AMD plans for FSR4 to be fully AI-based — designed to improve quality and maximize power efficiency
The team in charge has already been working on this for 9–12 months.
www.tomshardware.com
What's particularly interesting is that FSR4 will move to being fully AI-based, and it has already been in development for nearly a year.
Jack Huynh: On the handheld side, my number one priority is battery life. If you look at the ASUS ROG Ally or the Lenovo Legion Go, it’s just that the battery life is not there. I need multiple hours. I need to play a Wukong for three hours, not 60 minutes. This is where frame generation and interpolation [come in], so this is the FSR4 that we're adding.
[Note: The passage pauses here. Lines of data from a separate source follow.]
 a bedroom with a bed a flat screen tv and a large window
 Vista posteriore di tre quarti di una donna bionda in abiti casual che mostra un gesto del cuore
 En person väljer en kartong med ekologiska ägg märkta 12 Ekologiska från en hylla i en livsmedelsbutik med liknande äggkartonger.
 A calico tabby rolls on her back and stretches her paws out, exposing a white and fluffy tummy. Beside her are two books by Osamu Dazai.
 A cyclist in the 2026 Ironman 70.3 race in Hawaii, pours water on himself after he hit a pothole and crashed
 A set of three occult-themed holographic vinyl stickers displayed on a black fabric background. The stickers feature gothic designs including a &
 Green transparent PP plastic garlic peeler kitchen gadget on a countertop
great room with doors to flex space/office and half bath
Because FSR2 and FSR3 were analytical based generation. It was filter based. Now, we did that because we wanted something with a very fast time to market. What I told the team was, "Guys, that's not where the future is going." So we completely pivoted the team about 9-12 months ago to go AI based.
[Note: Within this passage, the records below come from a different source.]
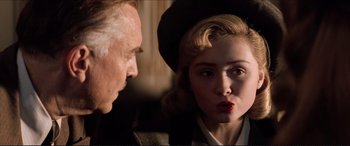 Movie still from “Tucker: The Man and His Dream” (1988), directed by Francis Ford Coppola – An older man and a young woman looking at each other; Close Up shot, Low angle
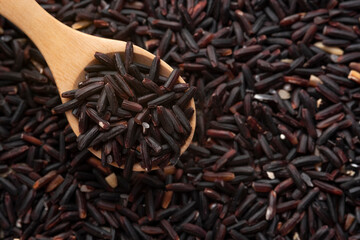 Uncooked riceberry rice on wooden spoon with copy space.Top view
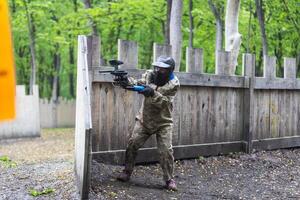 Paintball game. Players with weapons shooting paint balls. Men on the playground. Guys in camouflage and masks are fighting. photo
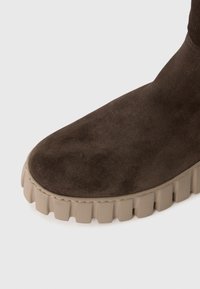 Ruda suvaira batai su storu beige briaunuota guma sola, pateikti artimu planu iš šono ant vienodo fono.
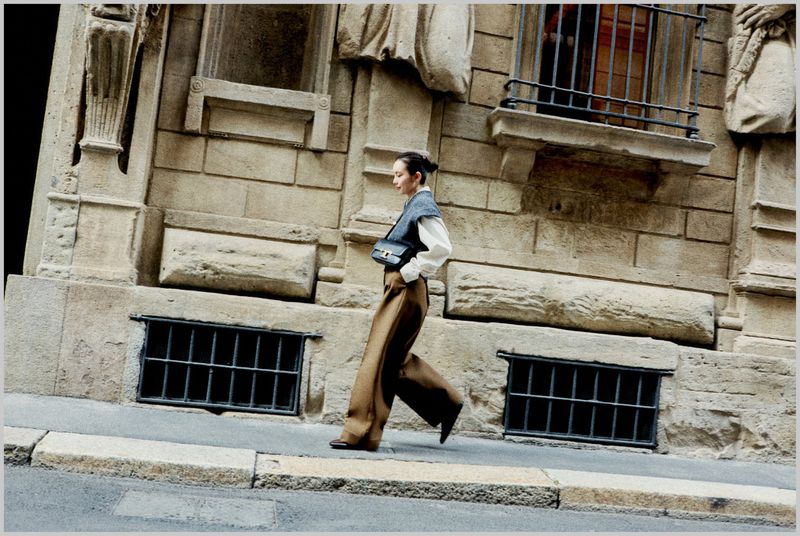 Woman walks on city street in wide-leg pants and vest. Street and architectural details visible as blurred background in daylight.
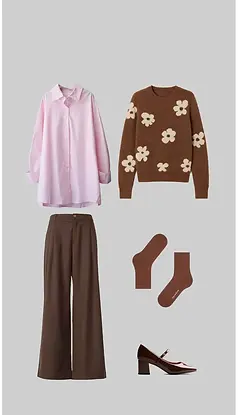Flat-lay of a soft pink button-down shirt paired with a brown floral knit sweater, wide-leg brown trousers, brown socks, and brown Mary Jane heels, styled as a cozy minimalist fall outfit.
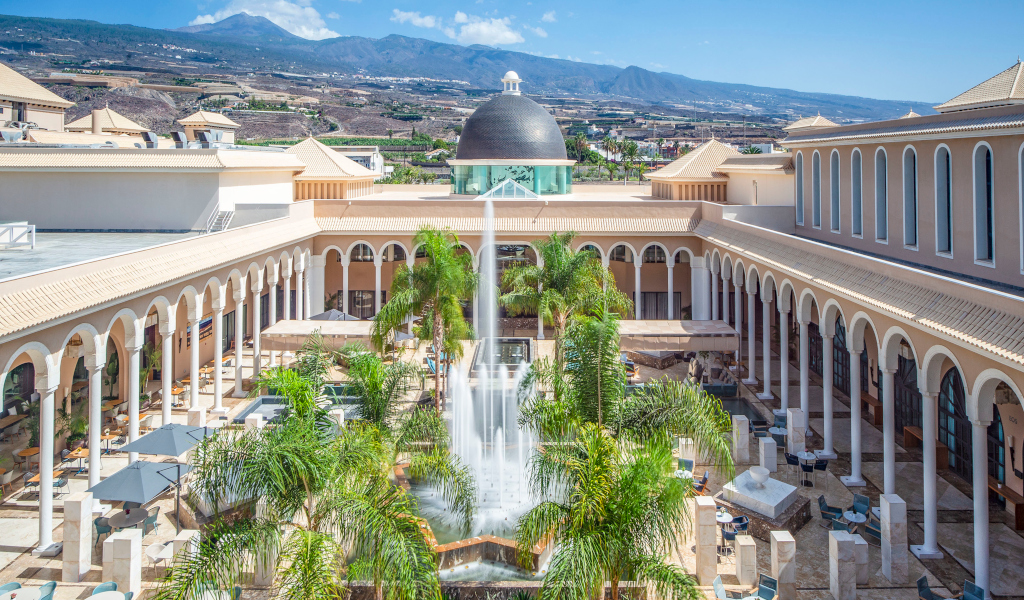 Courtyard with fountain and arches surrounded by mountains in Tenerife.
So now we're going AI-based frame generation, frame interpolation, and the idea is increased efficiency to maximize battery life. And then we could lock the frames per second, maybe it's 30 frames per second, or 35. My number one goal right now is to maximize battery life. I think that's the biggest complaint. I read the returns too from the retailer, where people want to be able to play these games.
I'm not sure what they mean with "fully AI based". Even DLSS uses motion vectors to produce the final image. AMD saying they want devices like the ROG Ally and Legion Go to have more battery life sounds a little bit like they would be making use of an embedded NPU.. but both those devices use a Z1E whose access to its NPU is blocked. And the newly announced Z2E is also not getting access to its NPU either.
It could be that FSR4 isn't coming for another year or year and half, and that would mean it's only coming for RDNA5 APUs and GPU.